Here, we have demonstrated that machine learning can also be used to develop the types of simple, fast potential models that are needed to model systems at extreme time and length scales. The key to our approach is to use genetic programming to search for computationally simple and efficient models in a hypothesis space that is constructed so that it contains simple models that are also physically meaningful. The models are then selected based on a combination of simplicity, speed, and accuracy relative to the training data. The use of simplicity as a selection criterion results in models that are more likely to generalize well, and it also significantly reduces the amount of data required to train the model.^63,64,65 For example, GP1 and GP2 were trained with 75 32-atom structures, for a total of 2400 atomic environments. For comparison, Artrith and Behler⁶⁶ have constructed a neural network potential for copper with a focus on surfaces. The potential was trained using 554,187 atomic environments, including tens of thousands of slabs and cluster structures. It performs comparably to GP1 and GP2 for many bulk properties, and much better for surface energies (Table S6, Supplementary Information). The neural network approach demonstrates very low errors on the types of systems on which it was trained, but as the genetic programming approach requires less training data it is likely that some accuracy can be recovered by using more accurate (and computationally expensive) methods to generate the training data.

The potential models discovered by the genetic programming approach are as fast as EAM-type models and demonstrate good predictive accuracy on properties they were not trained on. In particular, GP1 and GP2 show surprisingly good performance in predicting surface energies (the GP1 mean absolute error for surface energies is only 35 mJ/m²) despite the fact that there were no surfaces in their training data. Trained only on DFT data, the genetic programming algorithm found models that resemble widely used glue potentials with a unique form for the many-body term that depends on the inverse of a sum over pair interactions. One of the advantages of generating potential models using simple analytical expressions is that it may be possible to analyze the expressions to get an insight into the underlying physical interactions that are responsible for the shape of the potential energy surface.

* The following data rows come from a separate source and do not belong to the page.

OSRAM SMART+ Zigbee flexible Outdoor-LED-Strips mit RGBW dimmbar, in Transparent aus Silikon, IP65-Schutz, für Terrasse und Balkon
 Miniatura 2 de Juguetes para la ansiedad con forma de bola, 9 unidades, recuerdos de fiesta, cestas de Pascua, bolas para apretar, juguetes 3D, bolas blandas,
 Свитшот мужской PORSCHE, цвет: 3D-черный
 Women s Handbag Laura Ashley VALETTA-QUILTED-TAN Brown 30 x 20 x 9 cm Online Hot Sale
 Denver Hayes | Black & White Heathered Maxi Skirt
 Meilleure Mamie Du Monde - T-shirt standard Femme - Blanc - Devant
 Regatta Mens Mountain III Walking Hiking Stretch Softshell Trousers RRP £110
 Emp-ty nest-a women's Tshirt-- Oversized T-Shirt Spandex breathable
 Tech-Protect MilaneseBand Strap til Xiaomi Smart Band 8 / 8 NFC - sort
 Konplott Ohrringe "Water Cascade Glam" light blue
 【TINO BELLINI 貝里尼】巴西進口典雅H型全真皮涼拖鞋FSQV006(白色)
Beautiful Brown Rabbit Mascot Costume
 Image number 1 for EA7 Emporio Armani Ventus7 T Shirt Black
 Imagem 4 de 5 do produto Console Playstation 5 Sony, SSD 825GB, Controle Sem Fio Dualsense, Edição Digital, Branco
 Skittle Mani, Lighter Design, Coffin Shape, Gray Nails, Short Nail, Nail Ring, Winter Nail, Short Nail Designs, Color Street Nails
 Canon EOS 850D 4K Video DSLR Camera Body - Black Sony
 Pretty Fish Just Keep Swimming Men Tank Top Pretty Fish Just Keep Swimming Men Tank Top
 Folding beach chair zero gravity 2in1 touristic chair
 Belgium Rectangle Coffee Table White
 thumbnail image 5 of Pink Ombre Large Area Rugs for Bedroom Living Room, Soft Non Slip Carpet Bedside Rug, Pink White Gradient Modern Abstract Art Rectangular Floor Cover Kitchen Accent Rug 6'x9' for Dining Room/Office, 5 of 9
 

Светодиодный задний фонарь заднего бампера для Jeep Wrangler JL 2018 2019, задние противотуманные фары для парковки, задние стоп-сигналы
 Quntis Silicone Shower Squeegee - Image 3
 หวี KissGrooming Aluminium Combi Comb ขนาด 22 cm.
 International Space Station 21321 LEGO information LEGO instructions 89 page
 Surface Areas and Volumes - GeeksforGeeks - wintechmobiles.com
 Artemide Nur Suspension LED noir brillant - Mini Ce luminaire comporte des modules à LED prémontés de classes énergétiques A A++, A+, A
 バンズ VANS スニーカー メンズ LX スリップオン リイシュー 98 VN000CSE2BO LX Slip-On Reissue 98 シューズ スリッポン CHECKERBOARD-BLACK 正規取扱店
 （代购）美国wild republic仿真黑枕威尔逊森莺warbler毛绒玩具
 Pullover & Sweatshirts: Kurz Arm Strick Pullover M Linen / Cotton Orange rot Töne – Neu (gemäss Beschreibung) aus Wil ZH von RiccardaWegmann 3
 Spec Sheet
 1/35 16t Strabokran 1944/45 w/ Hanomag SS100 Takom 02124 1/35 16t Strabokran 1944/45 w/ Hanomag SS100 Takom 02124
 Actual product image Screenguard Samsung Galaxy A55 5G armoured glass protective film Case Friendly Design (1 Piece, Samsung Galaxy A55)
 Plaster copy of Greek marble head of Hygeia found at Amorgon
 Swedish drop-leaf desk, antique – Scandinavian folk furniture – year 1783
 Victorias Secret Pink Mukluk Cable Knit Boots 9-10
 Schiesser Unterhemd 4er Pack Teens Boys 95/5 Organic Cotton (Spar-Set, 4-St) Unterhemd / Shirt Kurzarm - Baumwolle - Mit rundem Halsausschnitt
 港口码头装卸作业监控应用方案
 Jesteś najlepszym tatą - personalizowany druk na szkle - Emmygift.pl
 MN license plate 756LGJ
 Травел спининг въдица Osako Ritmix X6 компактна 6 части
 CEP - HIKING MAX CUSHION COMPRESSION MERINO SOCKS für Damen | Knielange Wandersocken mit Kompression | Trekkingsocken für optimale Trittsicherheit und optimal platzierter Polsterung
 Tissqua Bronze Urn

There are some notable limitations and areas for improvement for the approach presented here. For each system studied, it will be necessary to ensure that the hypothesis space contains simple expressions that capture important contributions to the potential energy; for example, for many systems it will likely be necessary to introduce terms that depend on bond angles, which was not done in this work. We used fixed inner and outer cutoff distances in this study, but it would almost certainly be better to let them vary as do other parameters of the potential. There is also the question of how to determine which of the models discovered by the genetic programming algorithm provide the best balance of speed and predictive accuracy. This could be achieved in a number of ways,^40,67,68 including by evaluating performance against validation data, but it is not clear which approach is best. Finally, the genetic programming approach is likely not suitable for on-the-fly learning. As it is a stochastic method, it can take an indeterminate amount of time to find a set of promising models, and there is no guarantee that an incremental change to the training data will result in an incremental change to the shapes of the potential energy surfaces on the convex hull. Other potential model approaches are probably better-suited for this purpose. Despite these current limitations, our results demonstrate that machine learning holds great promise to improve the accuracy of atomistic calculations at extreme time and length scales.

Methods

Description of the hypothesis space

Our machine-learning algorithm uses genetic programming to search a hypothesis space of models that can be constructed by combining real numbers, addition, subtraction, multiplication, division, exponentiation, and a sum over neighbors of an atom. As discussed previously in the text, the hypothesis space was based on physical principles. Within this hypothesis space, each function can be represented as a tree graph, as shown in Fig. 6. The space was constrained so that the maximum number of summations over neighbors was 6, no nested summations over neighbors were allowed, the maximum allowed depth of a tree was 32 and the maximum allowed number of nodes was 511. To ensure smoothness of the potential, all functions of distances are multiplied by the following smoothing function before the sum over neighbors is taken:⁶⁹

$$f(r) = \left( {2r^2 - 3r_{{\mathrm{in}}}^2 + r_{{\mathrm{out}}}^2} \right)\left( {r_{\mathrm{out}}^2 - r^2} \right)^2\left( {r_{{\mathrm{out}}}^2 - r_{{\mathrm{in}}}^2} \right)^{ - 3}$$

(7)

where r_in and r_out are the inner and outer cutoff radii, for GP1 and GP2, r_in = 3 Å and r_out = 5 Å, including the 3rd nearest neighbors.⁵⁴

Description of the algorithm

Genetic programming evolves computer programs following Darwin’s natural selection by performing crossover and mutation operations on a set of individuals. Crossover was performed by two different operations: by randomly selecting a branch from one tree and replacing it with a randomly selected branch of another tree (Fig. 7), and by creating a linear combination of two randomly selected branches from two different tress—the first method was randomly selected 90% of the time and the second one 10% of the time. The mutation operation performed three different sub-operations with equal probability: crossover of a tree with a randomly generated tree, swapping the arguments of a binary non-commutative function, and slightly modifying the expression tree by replacing (or inserting) a randomly selected non-terminal node with a randomly selected operator.⁷⁰ The randomly generated trees were generated with the grow or full method with equal probability,³⁶ and the depth was drawn from a Gaussian distribution of mean 5 and standard deviation of 1. The overall algorithm performed crossover with a probability of 0.9, and mutation with a probability of 0.1.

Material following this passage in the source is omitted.